Gosiu ja o Tym wiem i jestem w stanie przyznać się do tego głośno publicznie ,rozumiem,że Vanessa chce zwrócić na siebie moją uwagę ale już od jakiegoś czasu wiem,że nie ma to nic wspólnego z tym,że nie zwracam na nią uwagi-cały swój czas poświęcam jej nie mam obsesji na punkcie ciągłego mówienia o Nicoli mało tego kiedy robiłyśmy bombeczkę dla Nicoli i dało nam to tyle radości ,że kolejną bombkę zrobiłyśmy z jej imieniem,żeby nie czuła się gorsza od siostry. Myślę,że to jest strach i w pewnym stopniu bunt wiem,że Ona nie chce mnie ranić ale komuś musi swoje oburzenie sytuacją pokazać a to ja z nią spędzam całe dnie.
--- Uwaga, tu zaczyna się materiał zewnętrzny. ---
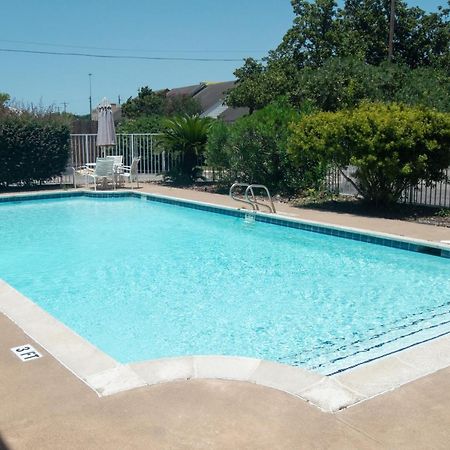 America'S Inn Houston Bagian luar foto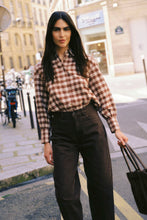 Load image into Gallery viewer, B Young Kamari Barrel Jeans
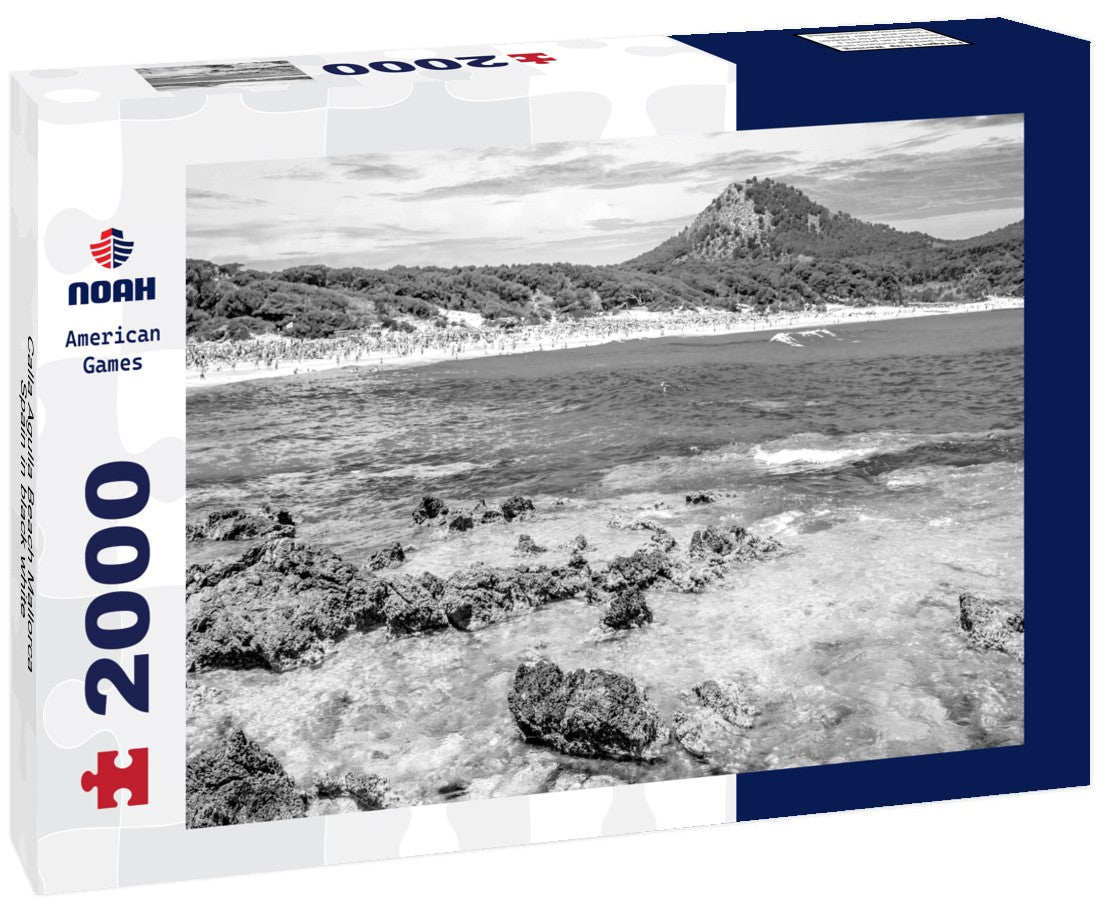 Noah Jigsaw Puzzle Calla Agulla Beach Mallorca, Spain in black white 2000 pieces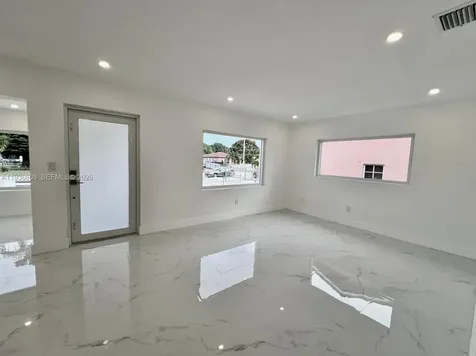 542 E 20th Street Hialeah FL 33013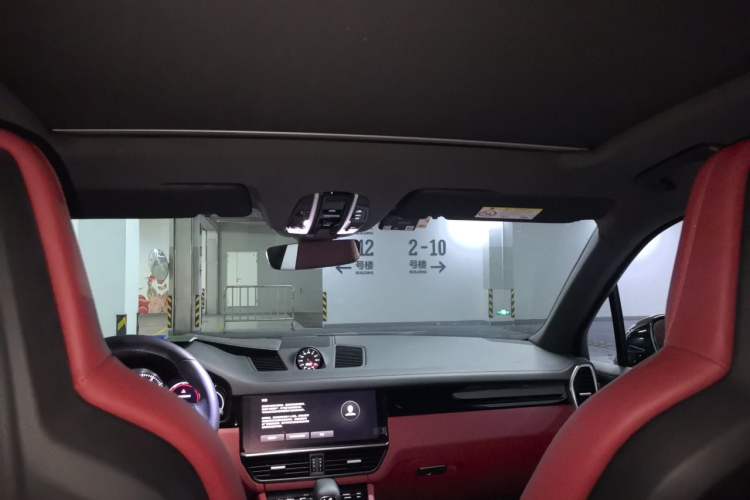Used Porsche Cayenne 2023 Cayenne S 2.9T Platinum Edition Headliner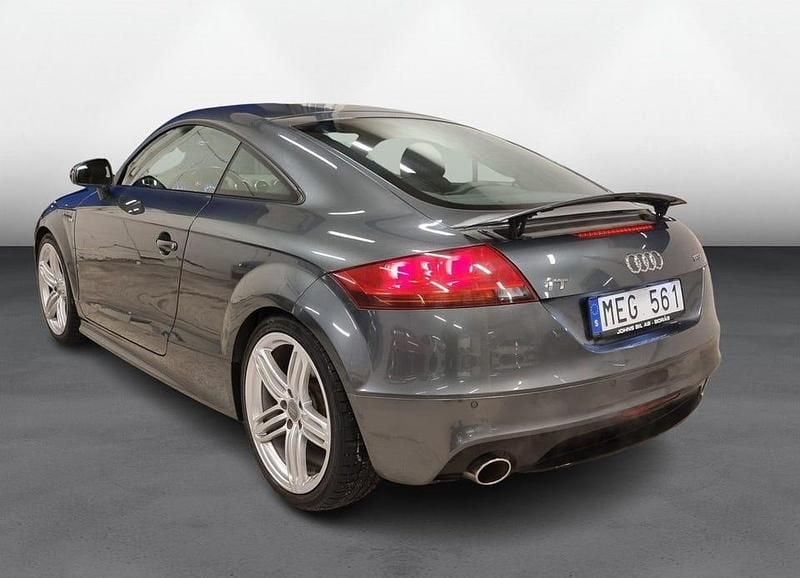 Begagnad Audi TT S-Line 211 HK (155 kW) 2012 Grå Sportkupé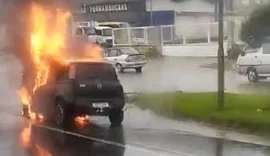 Carro pega fogo durante chuva e congestiona rodovia na Paraíba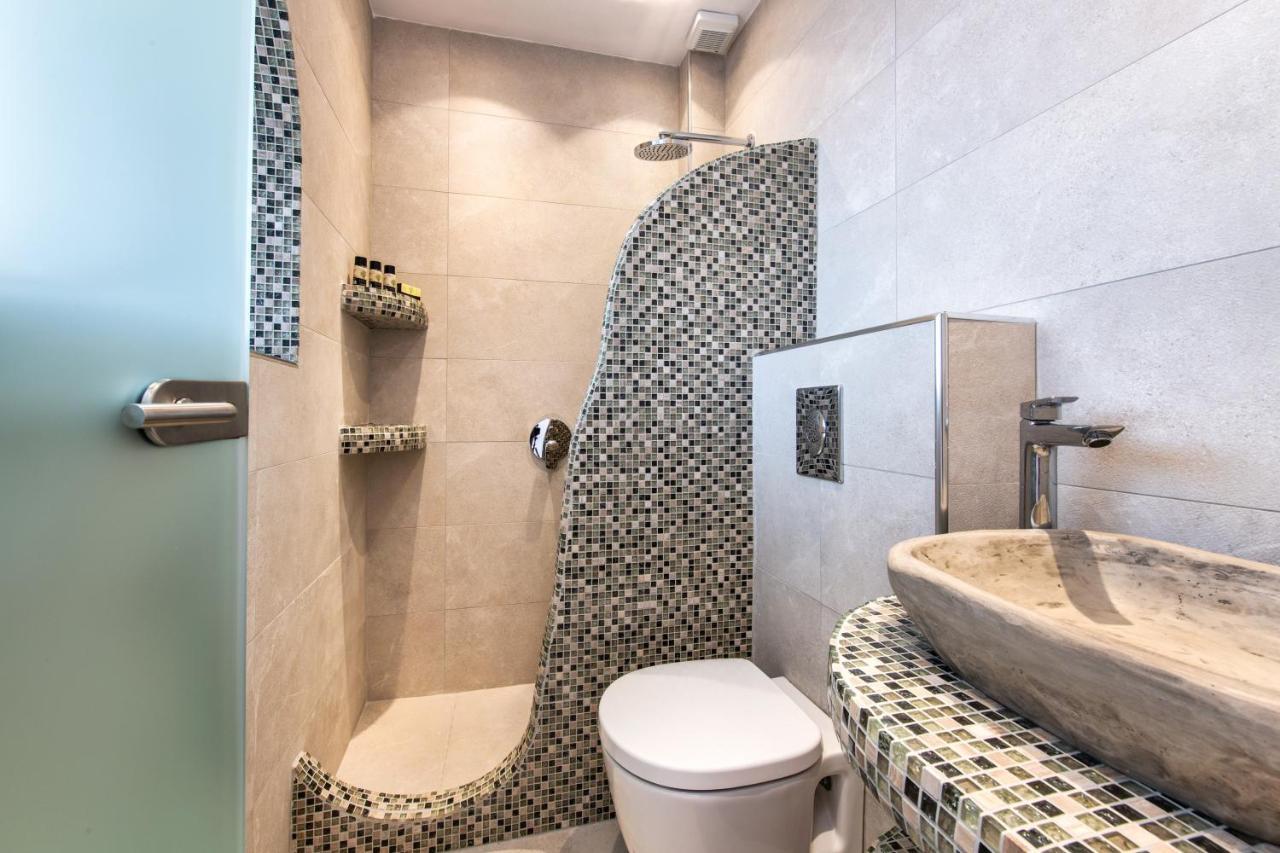 Nectarios Villa - Studios & Suites Adults Only Φηρά Εξωτερικό φωτογραφία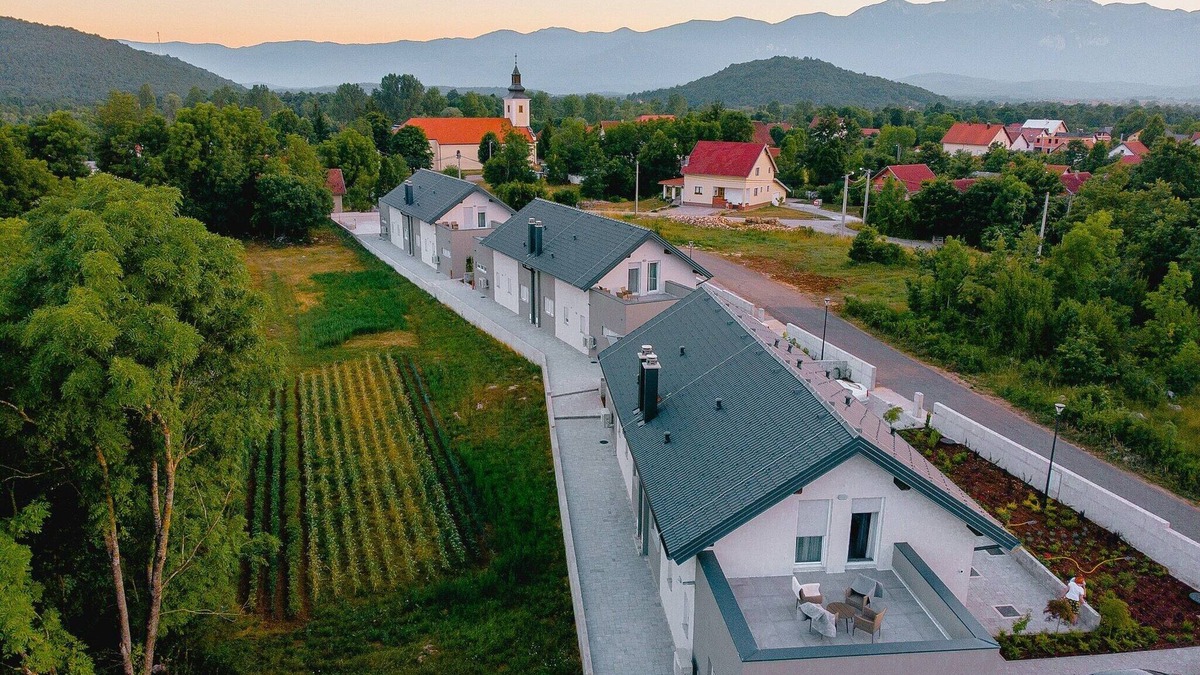 Lovinac House | Holiday Home Lovinac near Plitvice Lakes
Bardzo liczę,że rozmowa z panią Psycholog nam pomoże .
 
reklama
Monila dla Karolka (*)

dla naszych Aniołków (*)

Gosiulek nie byłam....nie załatwiam....nie mam chyba siły na to....
A jak się czuje Kacperek??

Malinka oby te wizyty pomogły, ech na pewno pomogą...trzymam kciuki

Jak mnie ktos pyta czy mam dzieci, to mówie mam i szybko zmieniam temat....czasami zeby kogoś zbyć mowie, że nie mam ale potem bardzo tego żałuję....

Dzis śnił mi sie Filipek, że go ubierałam....ale był martwy...ledwo co pamietam reszte snu....

Boże jak ja tęsknie....wszystko wydaje sie jaby snem było....patrzę na zdjęcia i nie mogę uwierzyć że on był z nami....jeszcze nie tak dawno nie wierzyłam w to, że umarł....a może ja po prostu śnie....może to tylko zły sen i za chwile się obudzę....obudzi mnie śmiech Filipka....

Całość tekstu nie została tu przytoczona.